Per Nistoro “meno docenti significa meno tempo per seguire chi è in difficoltà, meno possibilità di lavorare sull’inclusione, più fatica per gli insegnanti e meno qualità nella vita quotidiana delle classi”. Il calo demografico, secondo il Pd comunale, non può essere usato come giustificazione automatica per ridurre organici e competenze. “Se ci sono meno studenti, questa dovrebbe essere l’occasione per migliorare la scuola e non per impoverirla. Dovremmo avere classi più gestibili, più attenzione ai bisogni educativi, più sicurezza, più possibilità di seguire ogni ragazzo. Invece si sceglie ancora una volta la strada dei tagli lineari”.
Per il Partito Democratico la scuola non è una voce di spesa da comprimere, ma uno degli investimenti più importanti per il futuro del territorio. “Ferrara e la sua provincia hanno bisogno di trattenere giovani, competenze, famiglie. Ma questo non si fa indebolendo la scuola. Si fa rafforzandola, soprattutto nei territori più fragili e nei Comuni dove ogni servizio pubblico è anche un presidio sociale”.
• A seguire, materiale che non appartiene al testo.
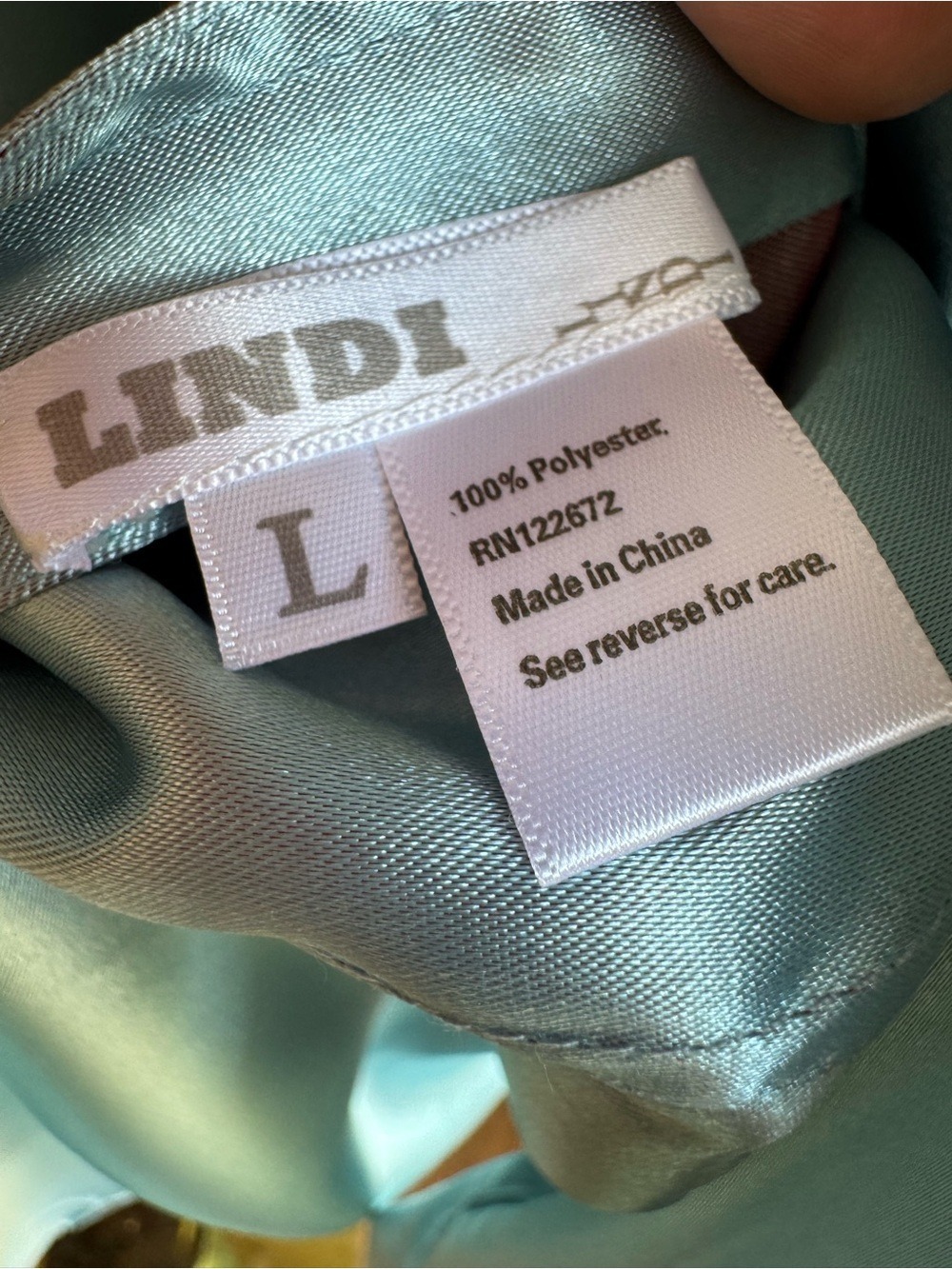 Lindi Reversible Swing Coat Sz L Dusty Rose / Icy Blue Artsy Jacket Relaxed Fit - Picture 15 of 16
Da qui la richiesta di un confronto istituzionale. “Chiediamo l’apertura di un tavolo con enti locali, sindacati e rappresentanze scolastiche per monitorare l’impatto dei tagli e costruire una risposta comune. La scuola non può essere lasciata sola. Difendere gli insegnanti significa difendere i nostri ragazzi e il futuro di Ferrara”.